----- Supplied material

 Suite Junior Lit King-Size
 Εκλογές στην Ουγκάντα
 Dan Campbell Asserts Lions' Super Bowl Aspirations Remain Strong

----------

_Directions for this task_. Send back every line of the listing above exactly.

_Response area_.
 Suite Junior Lit King-Size
 Εκλογές στην Ουγκάντα
 Dan Campbell Asserts Lions' Super Bowl Aspirations Remain Strong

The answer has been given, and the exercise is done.